**RECORDS TO PROCESS**:
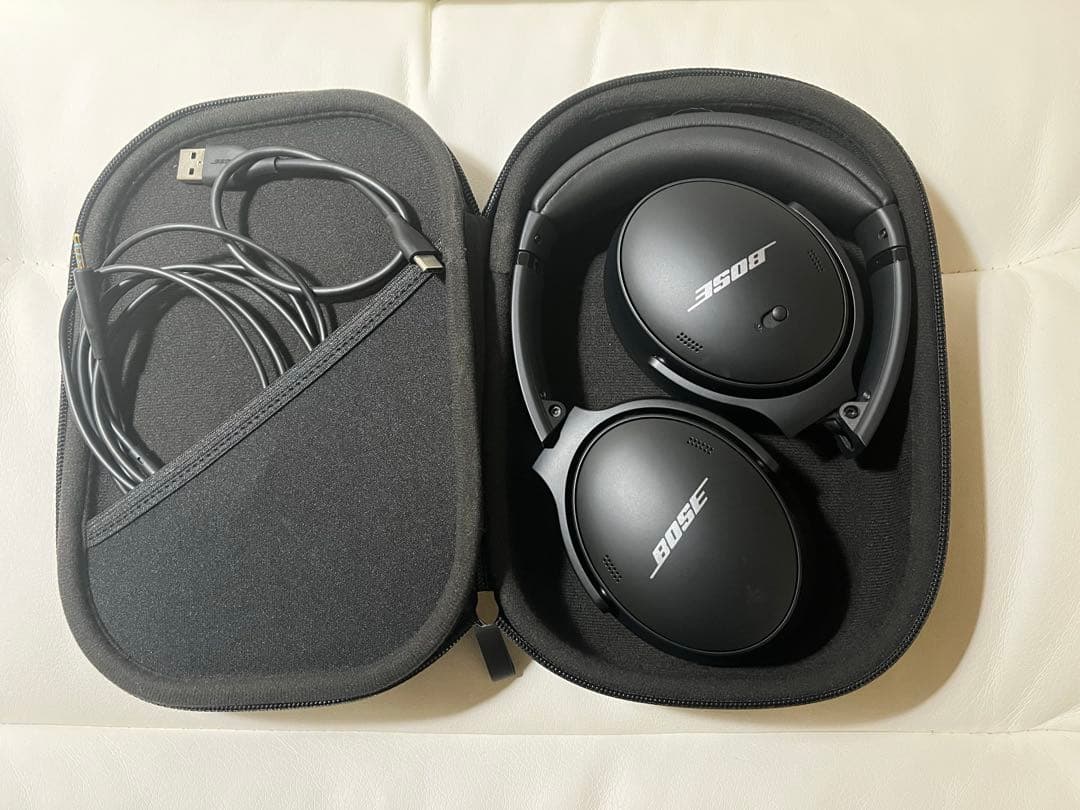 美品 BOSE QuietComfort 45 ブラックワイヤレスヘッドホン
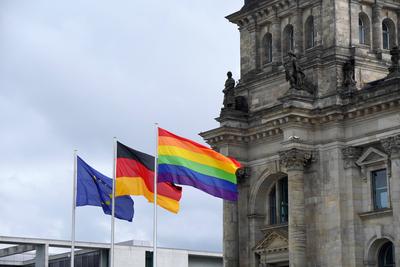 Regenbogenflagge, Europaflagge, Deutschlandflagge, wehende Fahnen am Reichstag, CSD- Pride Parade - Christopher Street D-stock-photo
==
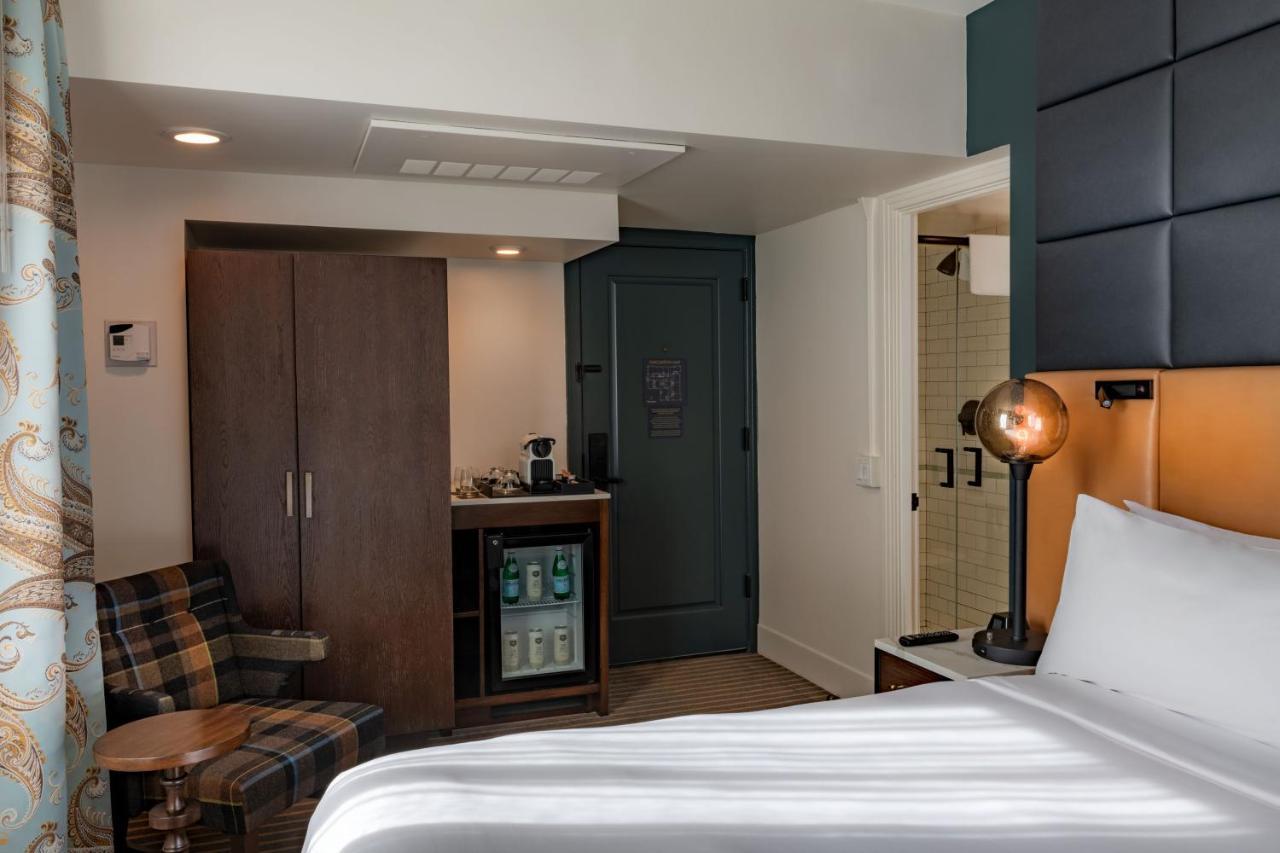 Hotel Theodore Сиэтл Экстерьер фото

**TASK REQUIREMENTS**:
For the entries above, print exactly the lines between the one with "美品 BOSE QuietComfort 45 ブラックワイヤレスヘッドホン" and the one with "Regenbogenflagge, Europaflagge, Deutschlandflagge, wehende", inclusive, with no pictures.

**SOLVED PROBLEM**:
 美品 BOSE QuietComfort 45 ブラックワイヤレスヘッドホン
 Regenbogenflagge, Europaflagge, Deutschlandflagge, wehende Fahnen am Reichstag, CSD- Pride Parade - Christopher Street D-stock-photo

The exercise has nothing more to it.